**PROVIDED MATERIAL:**
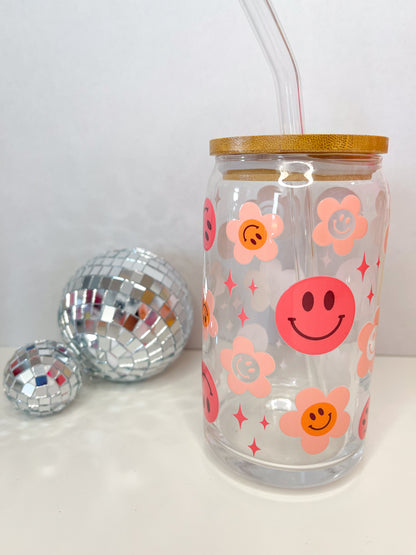 Smiley Daisy Glass Cup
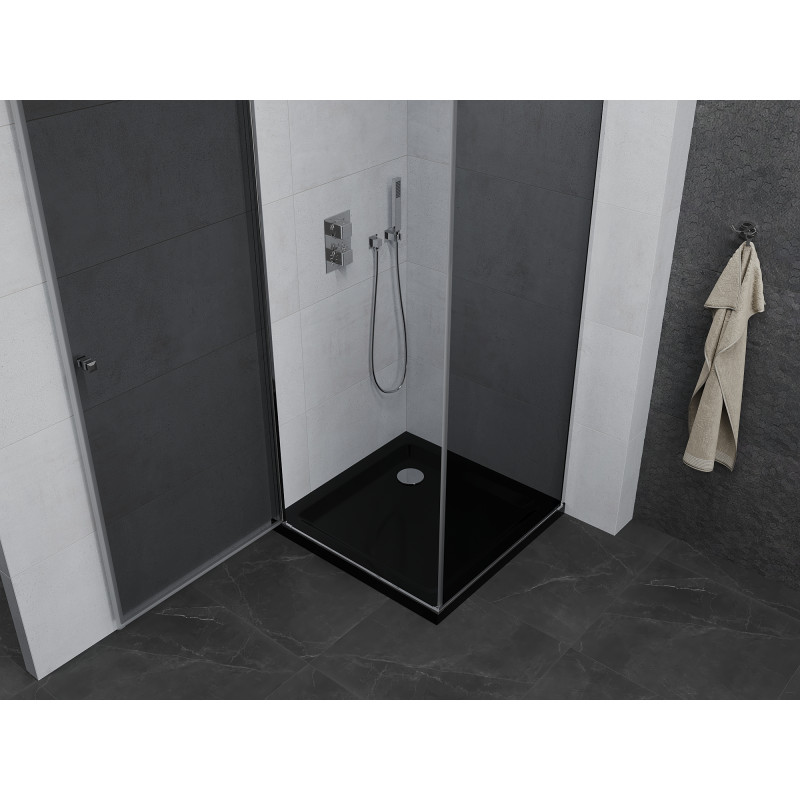 Mexen Pretoria cabine de douche pivotante 100 x 100 cm, graphite, chrome + receveur Flat, noir - 852-100-100-01-40-4070
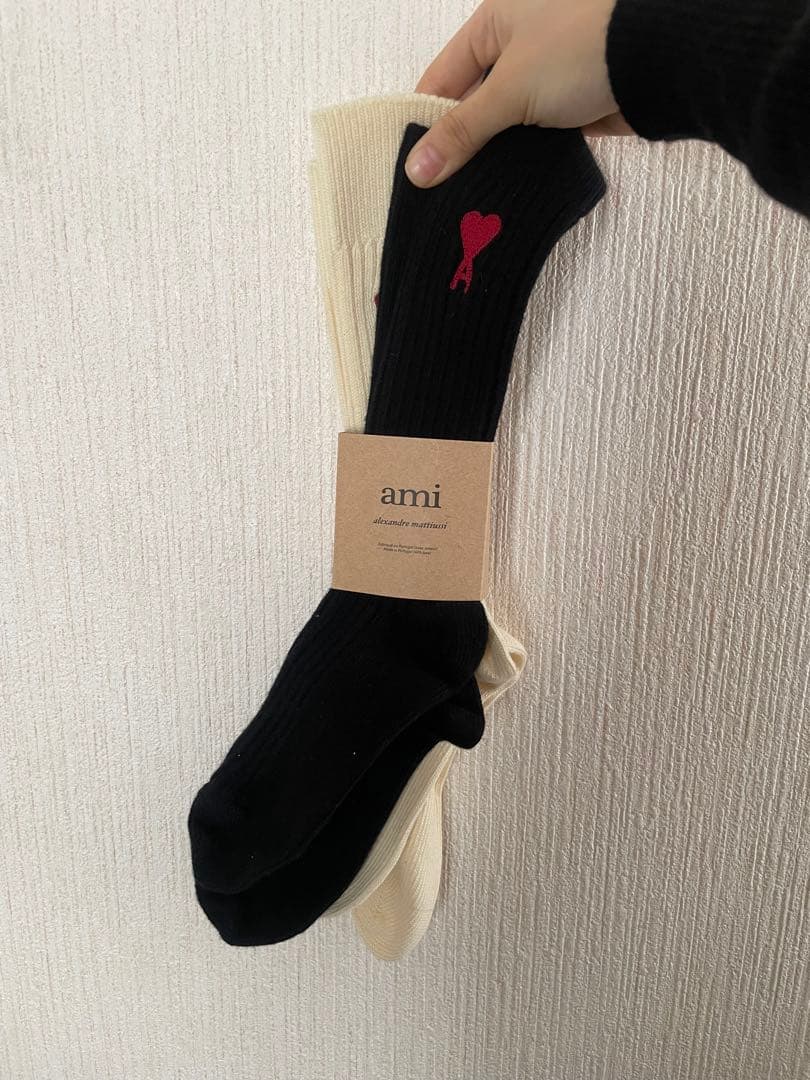 ami paris トリコロールコットンソックス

**WHAT YOU ARE ASKED TO DO:**
Exact copy required, pictures excluded: the lines from the one holding "Mexen Pretoria cabine" through the last line of the data, both ends included.

**EXPECTED ANSWER:**
 Mexen Pretoria cabine de douche pivotante 100 x 100 cm, graphite, chrome + receveur Flat, noir - 852-100-100-01-40-4070
 ami paris トリコロールコットンソックス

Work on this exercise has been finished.